Is she prepared for what she will find? Will love be enough to heal their wounds?
Innate curiosity and an itch for adventure versus sensible. Sensible comes out second best nearly every time and gets Constance Wynchcomb into more than one tight spot; but no one can say she is just a spectator on her own life. Granted, she is without a dowry, with no social rank or status and is the companion and nursemaid for one of her mother’s well-positioned distant cousins, but she has educated herself much better than most young women. Her genuineness and loyalty shine in many events but never more than when she puts herself in danger to save a lost soul who has been mistreated for almost three decades. Her tenacity and her standing up for what she wants makes her story shine.

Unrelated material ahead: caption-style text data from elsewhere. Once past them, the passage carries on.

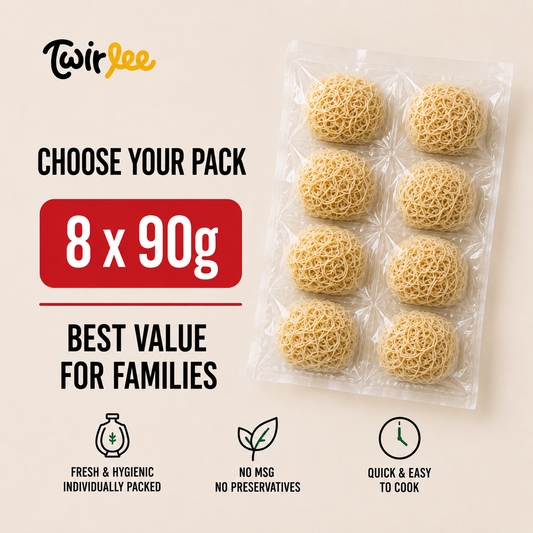Twirlee QQ Noodles 8x90g (Fresh Noodles Made in Singapore No MSG No Preservatives)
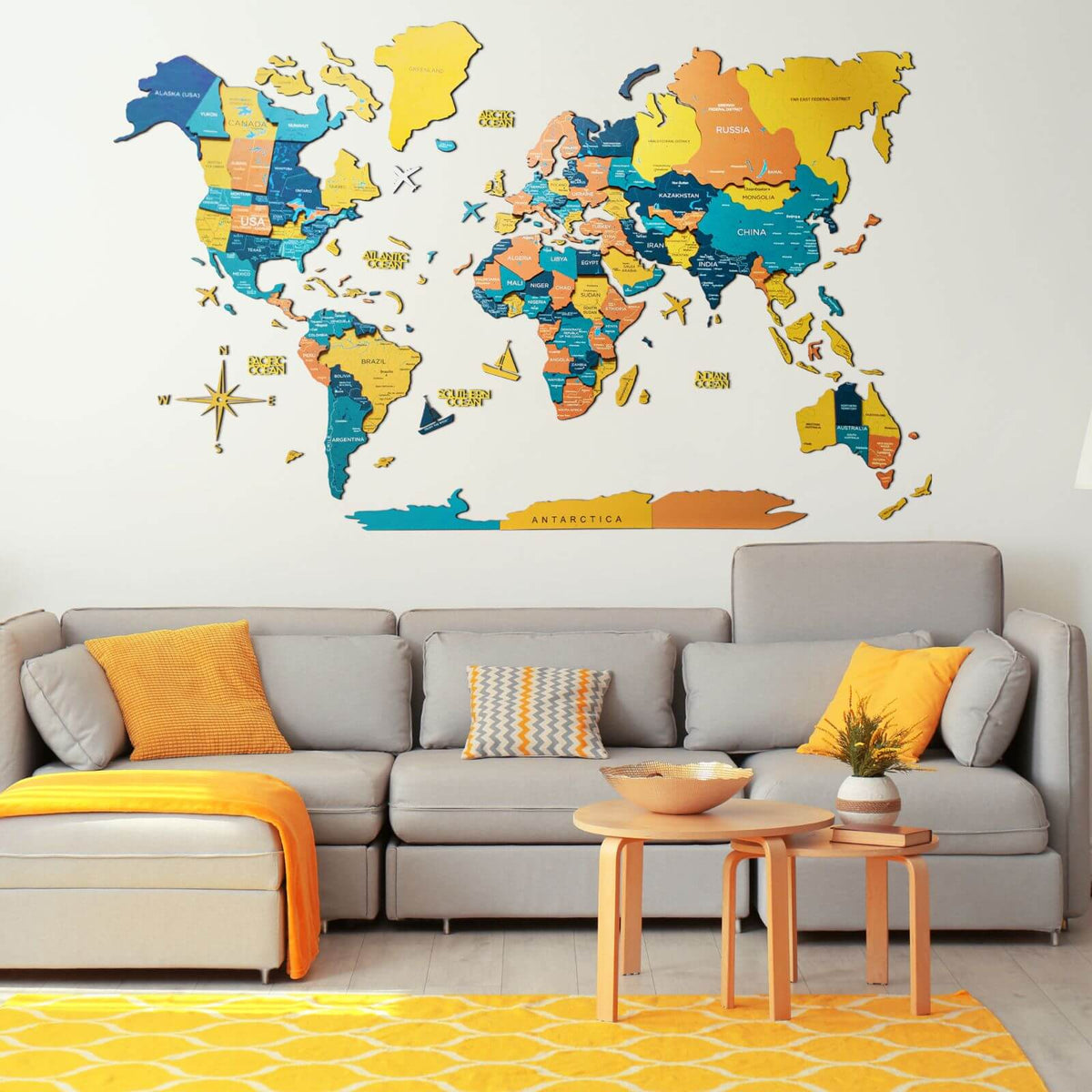 3D Luminous Colored Wooden World Map Indie, photo 5 of 9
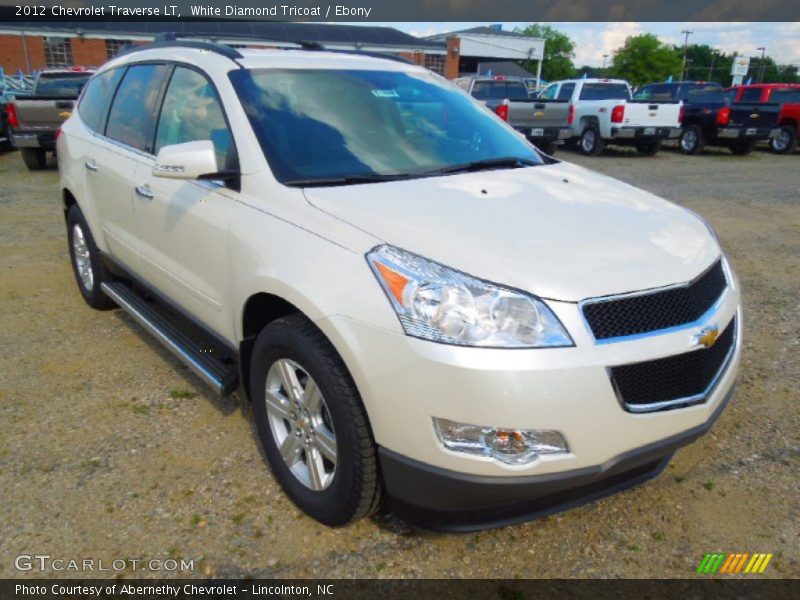 White Diamond Tricoat / Ebony 2012 Chevrolet Traverse LT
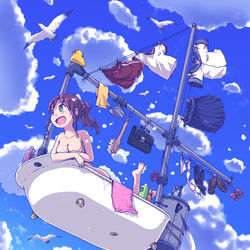 This is a pixiv picture whose title is バス通学.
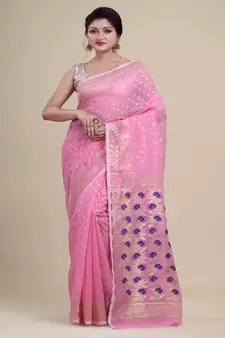 PINK & BLUE  DHAKAI JAMDANI  Hand Woven Cotton silk  Handloom   Saree.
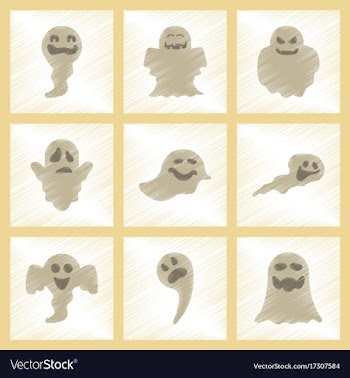 Assembly flat shading style icons halloween ghost vector image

Evan Galworthy’s story intrigued me. The secrets, hardships, and his survival skills are remarkable. However, an undercurrent of anger and hurt about his murky past that nobody will tell him about makes him feel unworthy to pursue a life with a wife and family. How his story unfolds bit by piece kept me turning pages. Even though he loves Constance, he feels he must let her go. He does get a “set-down” from her when she tells him not to presume what she needs and then she proceeds to take matters into her own hands—delightful reading!
Mrs. Crook, the inn owner, and the bishop are two of the most interesting secondary characters I’ve read about in a while. They do surprise.
Sarah Richmond does a great job of revealing how the social structure is changing as new inventions and a new rich segment of working people come emerge in early twentieth century England, while entertaining the reader with the deeds and misdeeds of flawed characters, some of whom rise above their flaws and others who cling to their flaws to the very end. Her writing style makes for smooth reading.